Our Storytelling
Family stories, oral histories, and story telling are an important part of the Clemmons Family Farm legacy. Our stories are a chapter in the rich history of African Americans, and span 150 years of the fascinating lives of the families of Jack and Lydia Clemmons. Our stories are also woven into the fabric of the history of other African-Americans in Vermont, which dates back to the 1700s- long before the Clemmons family moved to to the state.
These are the stories of Great Grandmother Margie, who ran away twice from a White family who "owned" her in Louisiana in the year 1903, long after Lincoln had proclaimed the end of slavery, and of Great Grandfather Jackson J. Clemmons, who moved from Martinique to North Carolina, where he founded the first African-American grade school. These are the stories of the fun-loving, laughter-filled Grandpa Howard and Grandma Lucille who, as a teen aged married couple, left their crops in the field and ran off to an oil boom town in Arkansas in 1923. These are the stories of the Becks, who fled from Louisiana to California and changed their last name after a mob of White men, jealous of the farming family's financial success, burned their home to the ground. |
These are the stories of the Monroes and Clemmonses who joined the Great Migration of the millions of African-American families who left the racism they experienced in the rural south and moved to the urban mid-West in search of better lives and greater economic opportunities. The stories of a hardworking welder, a talented seamstress, an entrepreneurial hat maker, and one of the first African-American women valedictorians in a mid-Western University.

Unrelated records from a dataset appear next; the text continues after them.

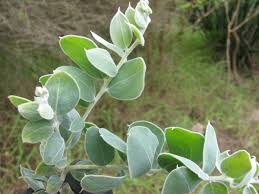 Image result for Acacia podalyriifolia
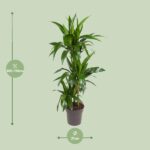 Dracaena Janet Craig - Ø21cm - ↕110cm - Image 2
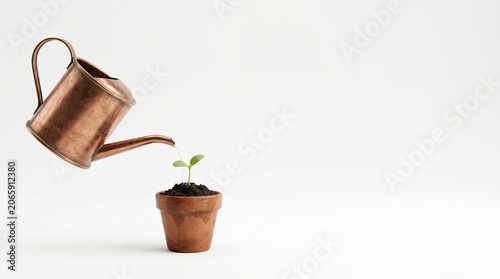 Copper watering can gently waters a small green seedling growing in a terracotta pot against a clean white background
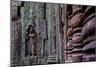 Ta Som Temple, Built in 12th Century by King Jayavarman Vii, Angkor-Nathalie Cuvelier-Mounted Photographic Print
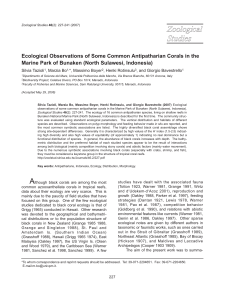 Ecological Observations of Some Common Antipatharian Corals in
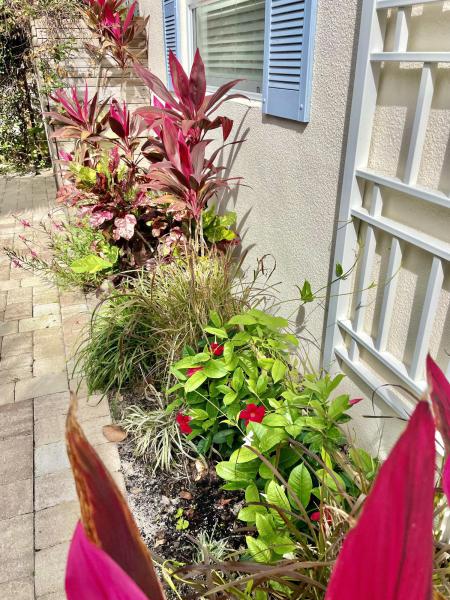 Duplex, Triplex and Fourplex Images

Finally, these are the stories of Jack and Lydia Clemmons, whose family histories run full circle from life on a farm in a small rural community in the South, to life in the urban areas of the mid-West and California, and back to life on a farm in a small rural community-- this time in Vermont. Their careers and adventurous spirits also brought them to Africa, where they worked and traveled around most of the continent over a span of 20 years.